We took a drive to Lewis Orchard to buy peaches today. It was very hot and being out in the sun with masks on was not really all that nice but we managed and bought enough to make a cobbler and have plenty left over to eat simply cut up with whipped cream. From there we stopped at our friends’ farm. The last time we were there Greg said I should stop to see the bees but we left the other direction so didn’t. This time we stopped and I got a few pictures of the honey bees (Apis mellifera). I also happened to get stung on my nasal septum, which wasn’t the most fun, but a honey bee sting is, thankfully, not that bad.
The mountain mint (Pycnanthemum muticum) is starting to bloom. I won’t claim it’s a hive of activity yet, but there’s certainly a bit of a buzz.
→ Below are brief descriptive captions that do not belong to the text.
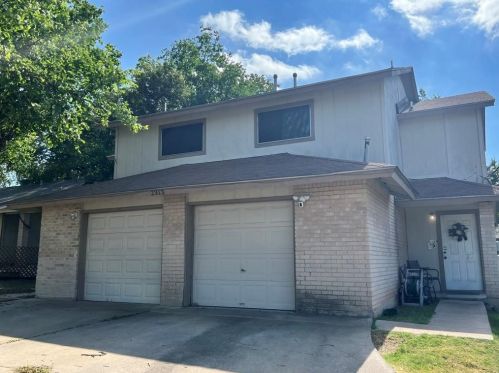 2313 Burleson Rd, Austin, TX 78741-5604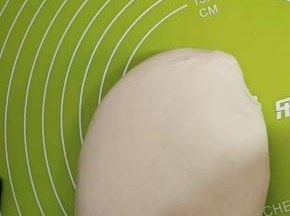 面粉加入一勺盐，适量的温水揉成偏软的面团，盖上保鲜膜醒面30分钟！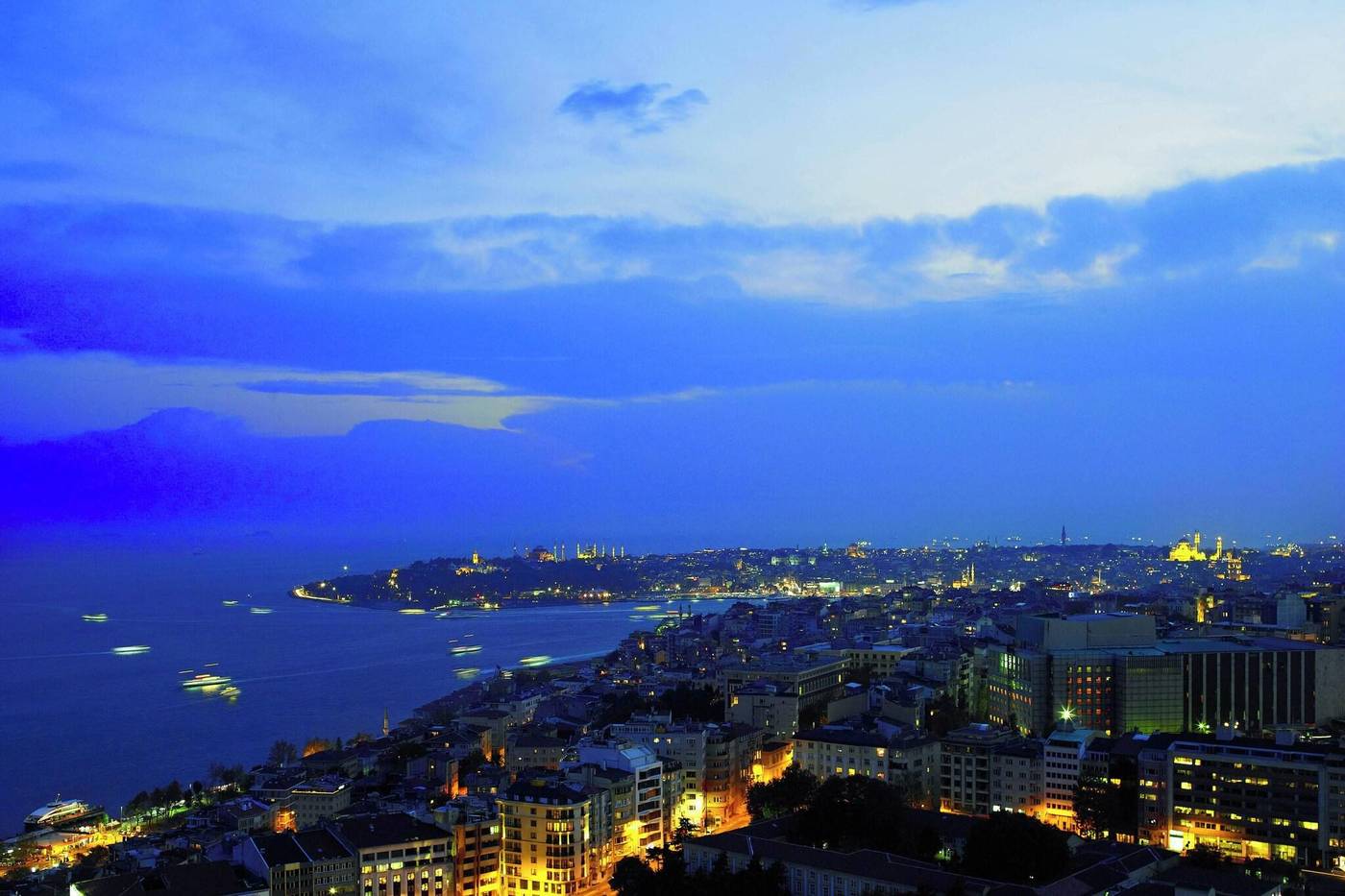 The-Ritz-Carlton-Istanbul-General-view-100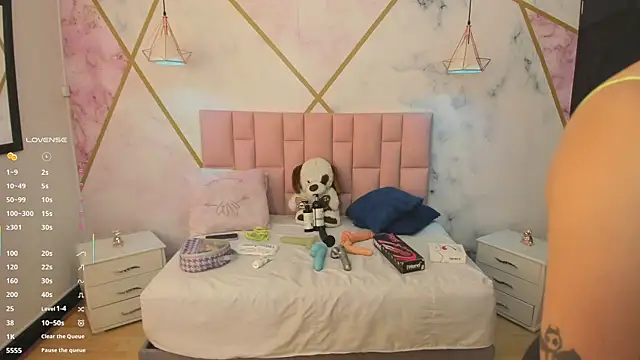 Snapshot of lizortiz chatting on October 22, 2025, 12:49 pm lizortiz online show from October 22, 2025, 12:49 pm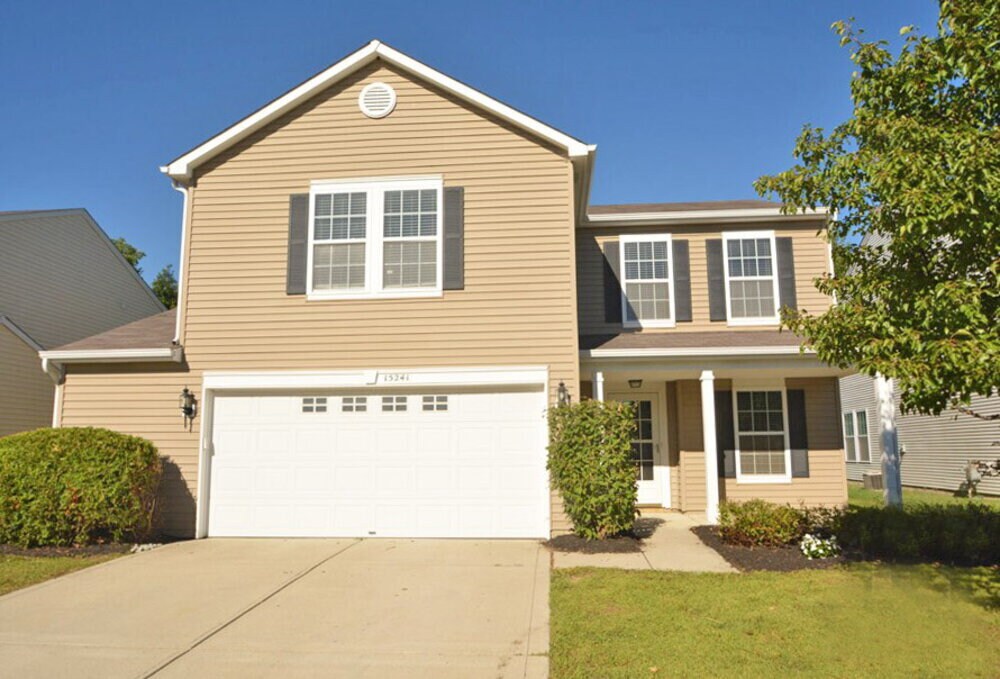 Foto principal - 15241 Clear St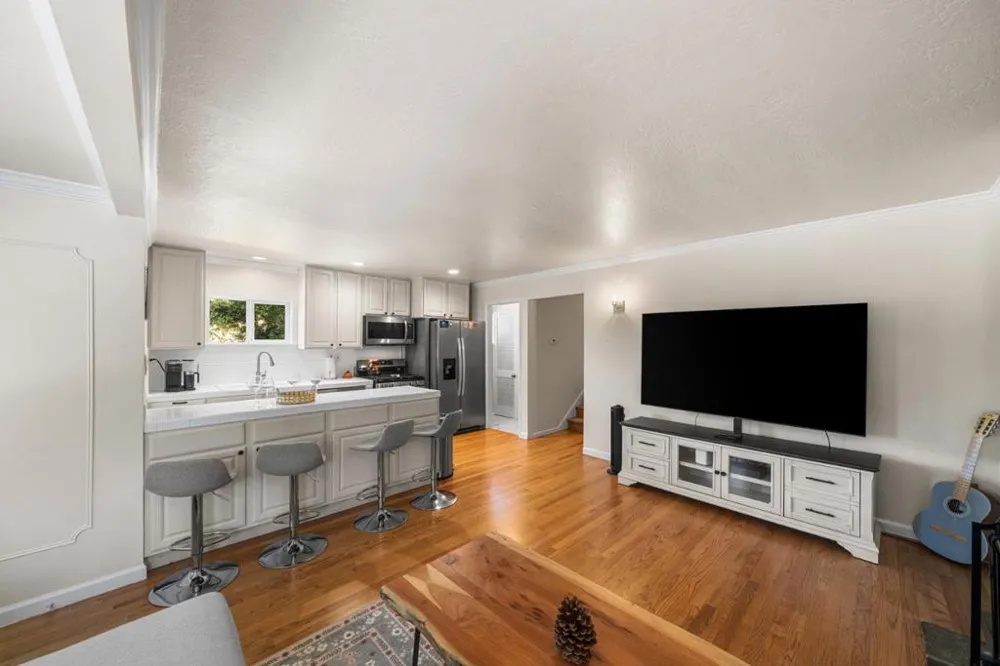 11 Recreation Drive La Honda, CA 94020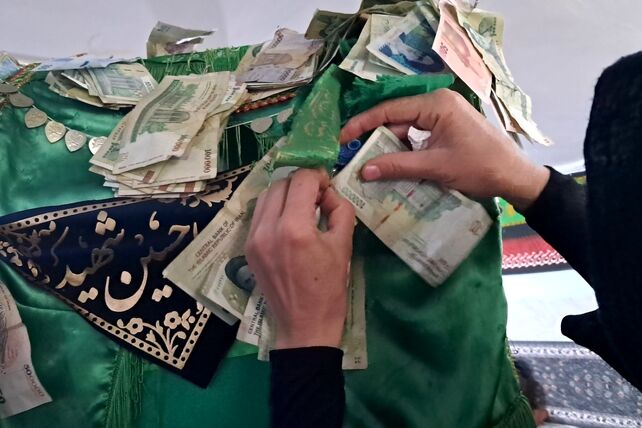 قرائت زیارت عاشورا و عزاداری در چهارمین روز محرم در مسجد امام رضا(ع)نظرآباد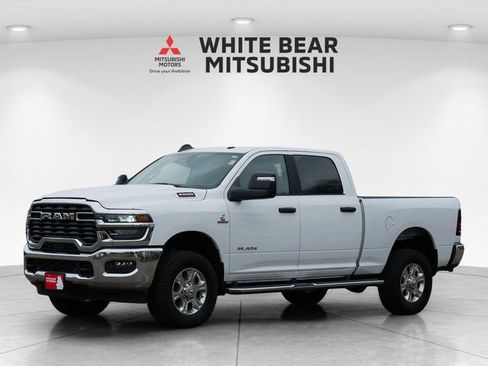 Used 2025 RAM 2500 Big Horn AWD/4WD image 2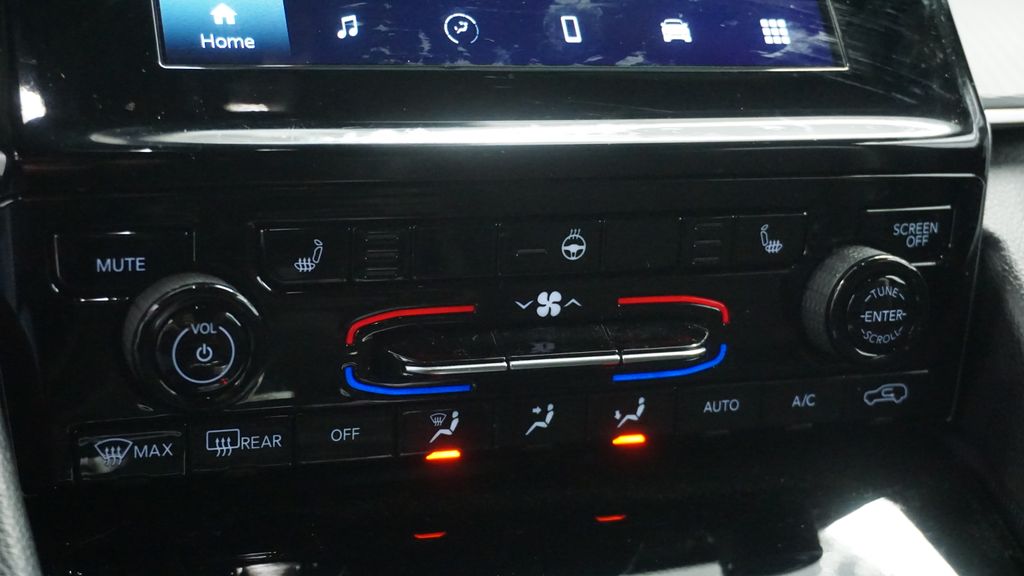 Thumbnail: 2023 Jeep Grand Cherokee L - 14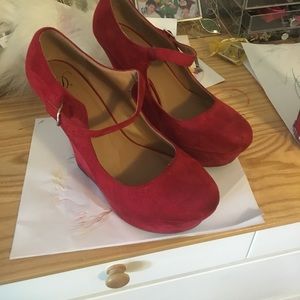 Red Wedge Pumps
Mostly I’m seeing honey bees (Apis mellifera) on them so far, but the mountain mint is very attractive to a wide variety of insect life from small beetles and bugs to bees and wasps, and some butterflies. The buddleia next to this tends to get more butterflies, though. It loves the sun and the insects are out in the most fierce in the heat of the day. Not my favorite time to sit there with my camera but it’s sometimes worth the effort.
Cathy and I took a walk along Croyden Creek early this afternoon. It has turned cool, although with the humidity in the woods and the steep nature of the trail, I was fairly warm. It was nice to get out, of course, and we only saw a few other people. We walked from the Croyden Creek Nature Center down stream almost to where it joins Rock Creek. Coming back, we turned up a side valley and came out between the two main parts of Rockville Cemetery. Back and the nature center, I took this photo of a western honey bee (Apis mellifera) on an aster of some sort.